» Work required: An exact copy of all the lines below is required, with every image left out.

» Dataset section:
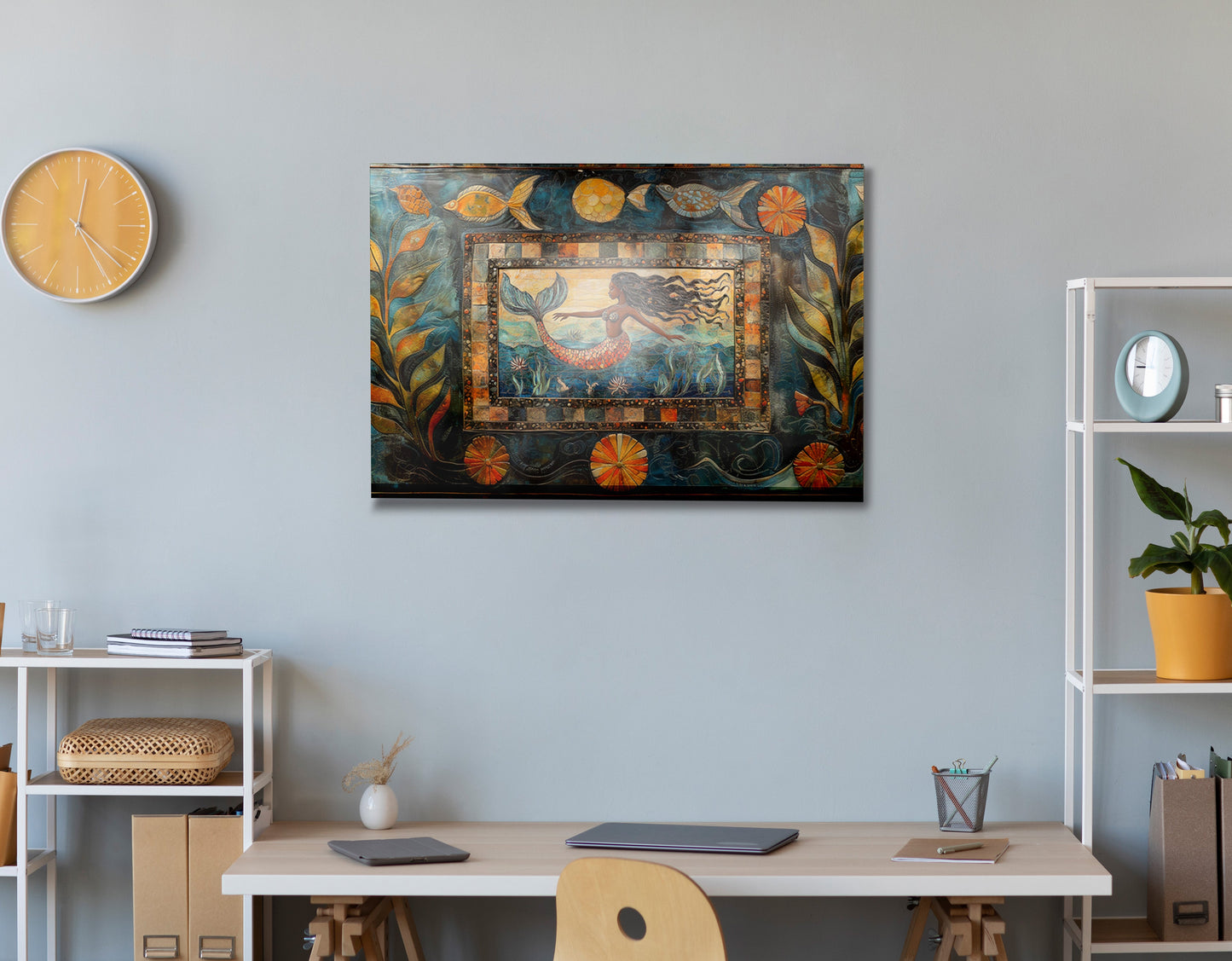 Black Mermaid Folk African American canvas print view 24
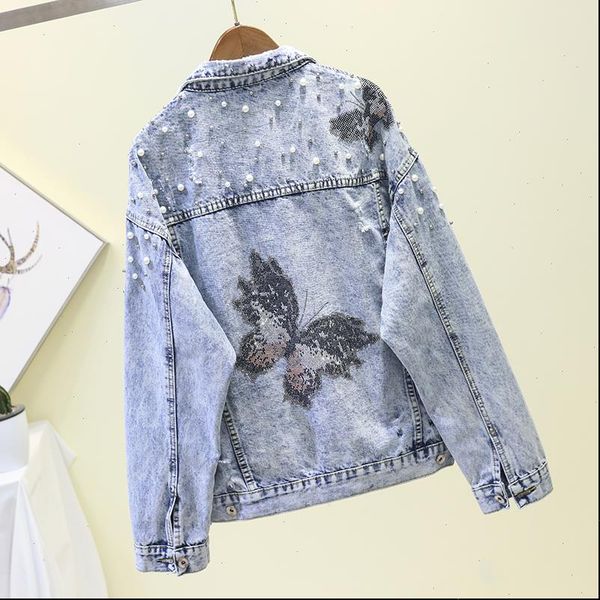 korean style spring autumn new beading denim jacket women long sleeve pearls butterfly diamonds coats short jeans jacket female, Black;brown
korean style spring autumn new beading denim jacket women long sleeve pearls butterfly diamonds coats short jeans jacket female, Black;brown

» Answer box:
 Black Mermaid Folk African American canvas print view 24
 korean style spring autumn new beading denim jacket women long sleeve pearls butterfly diamonds coats short jeans jacket female, Black;brown
korean style spring autumn new beading denim jacket women long sleeve pearls butterfly diamonds coats short jeans jacket female, Black;brown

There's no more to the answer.